Patrick Ewing has filed for an arbitration hearing against th New York Knicks that could result in his becoming a free agent and possibly leaving the team after next season.
The move abruptly ends speculation that the Knicks and their franchise center are close to an amicable resolution of differences over Ewing's contract.
Ewing's lawyer, David Falk, and Knicks officials said Ewing turned down a new contract that would have made him the highest-paid player in team sports, exceeding the $5.3 million a year contract extension that Roger Clemens signed with the Boston Red Sox earlier this year.
Why would Ewing turn down such a huge offer?

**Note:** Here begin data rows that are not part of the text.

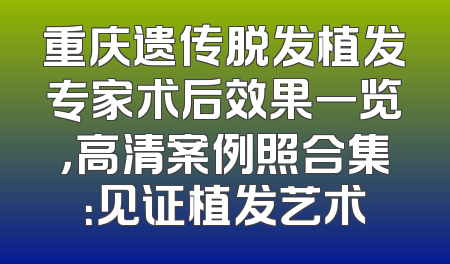 重庆遗传脱发植发专家术后效果一览，高清案例照合集：见证植发艺术
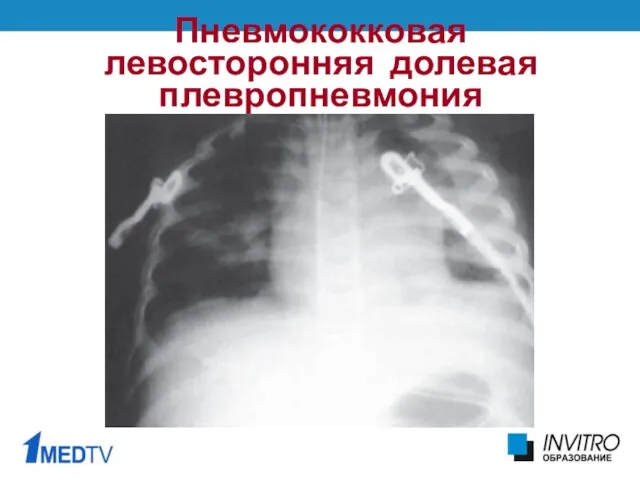 Пневмококковая левосторонняя долевая плевропневмония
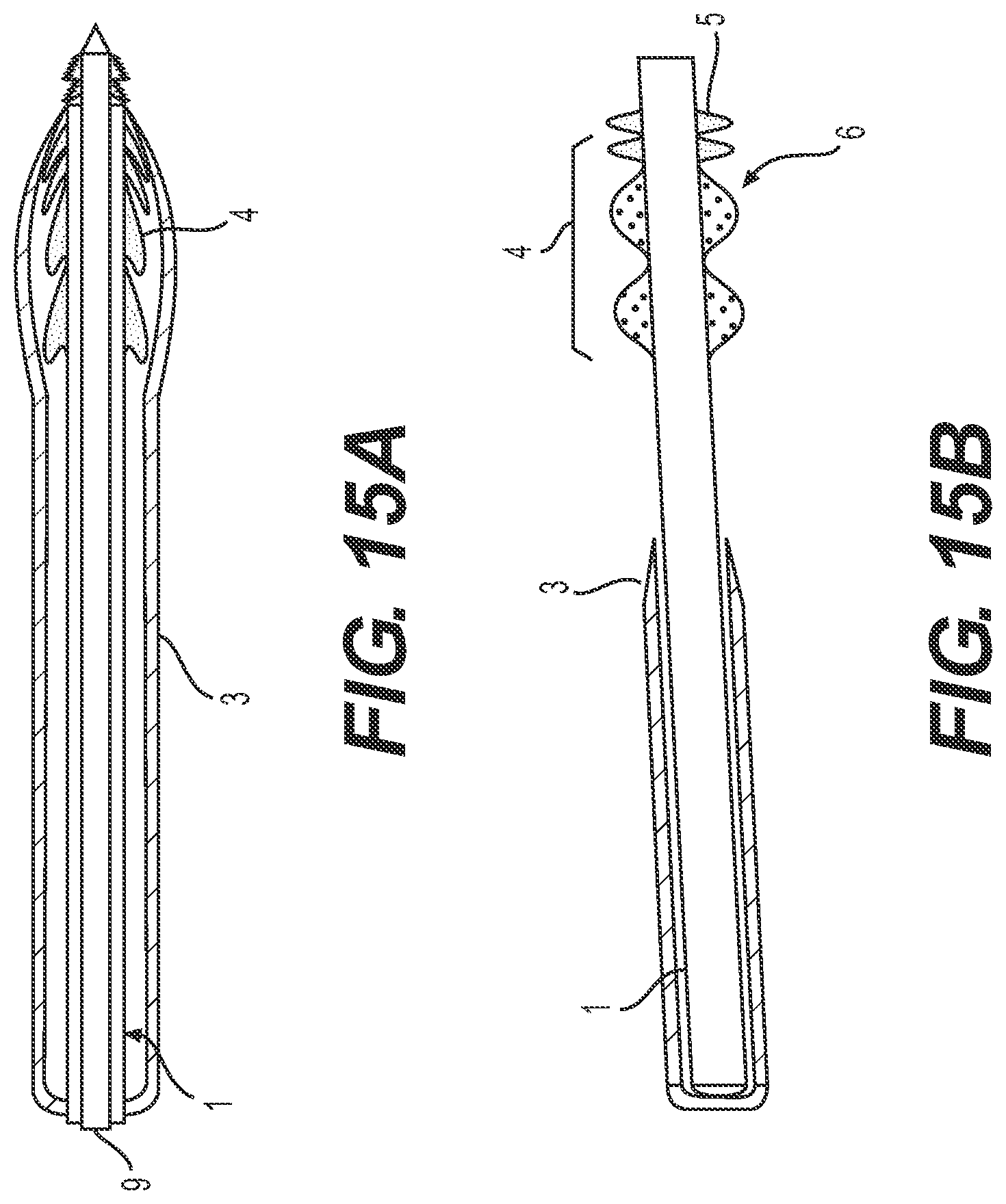 Patent US12318327 Figure 17 – Systems and methods for treating eye diseases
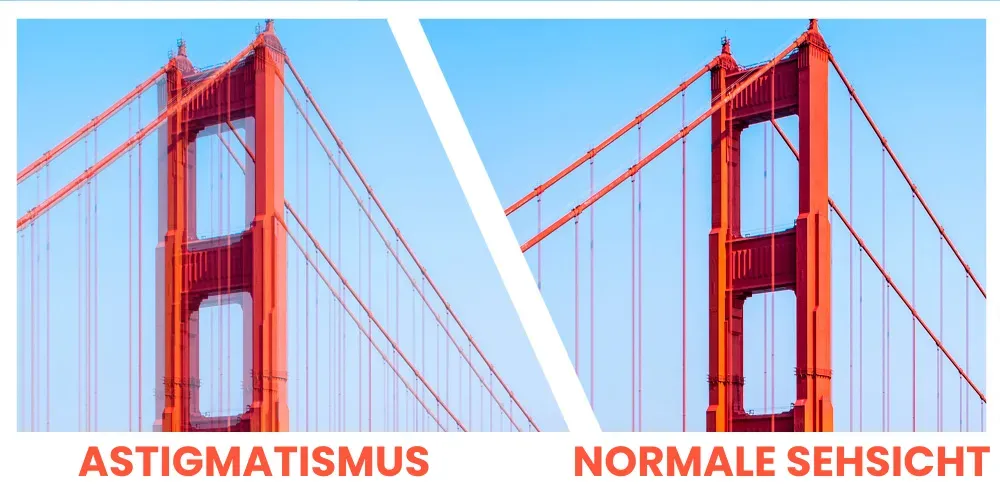 Astigmatism vs normal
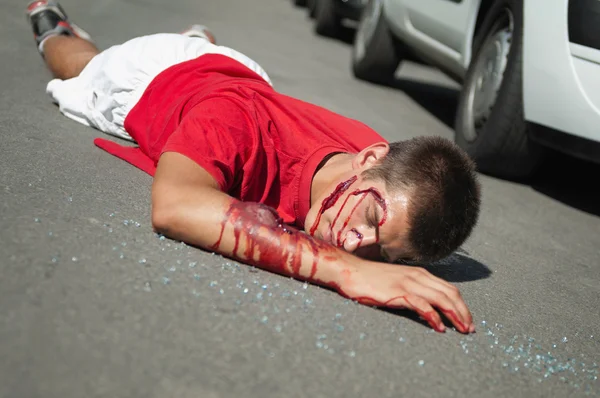 Vítima de acidente de carro deitado na rua — Fotografia de Stock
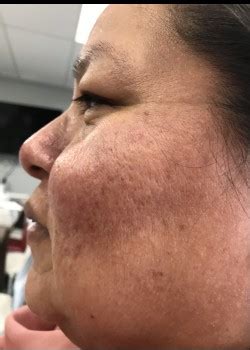 I will also be giving you my jan marini skin care management system review since i have been using. Chemical Peels Patient #1431 | Before & After Gallery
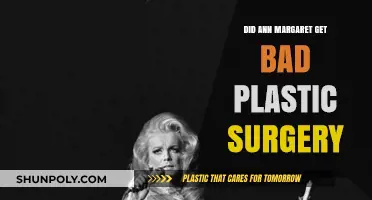 Ann-Margret's Plastic Surgery: Unveiling the Truth Behind Her Changed Appearance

Is he trying to find a way of getting out of a team that may never find the complementary players to help him win a title?
"Patrick wants freedom of choice before he makes a commitment to New York for the rest of his career," Falk said.
At issue is a clause in the $32 million, 10-year contract that Ewing signed on Sept. 18, 1985, which allows him to become a restricted free agent after his sixth year if he is not among the four highest-paid players in the league.
As a restricted free agent, Ewing would be free to negotiate with other teams, but the Knicks would retain the right to match any offer.
The Knicks contend that Ewing, who would earn $3.138 million next season under his contract, is the fourth highest-paid player, behind John "Hot Rod" Williams of the Cleveland Cavaliers ($4 million), Hakeem Olajuwon of the Houston Rockets ($3.498 million) and Michael Jordan of the Chicago Bulls ($3.25 million). But Ewing's lawyer, Falk, said, "There are at least two other players who will earn more."
Falk refused to name those players yesterday, saying "it will be for the arbitrator to decide."
Depending on how the arbitrator views the issue, Larry Bird of the Boston Celtics could be one of them. Bird will be paid $7.1 million next season with part of the money coming from the signing bonus that he deferred when he re-signed with the Celtics two years ago.
But Knicks President Dave Checketts asserted that signing bonuses and deferred income were not part of the computation in Ewing's contract that would determine whether he is the fourth-highest player. Only his salary counts.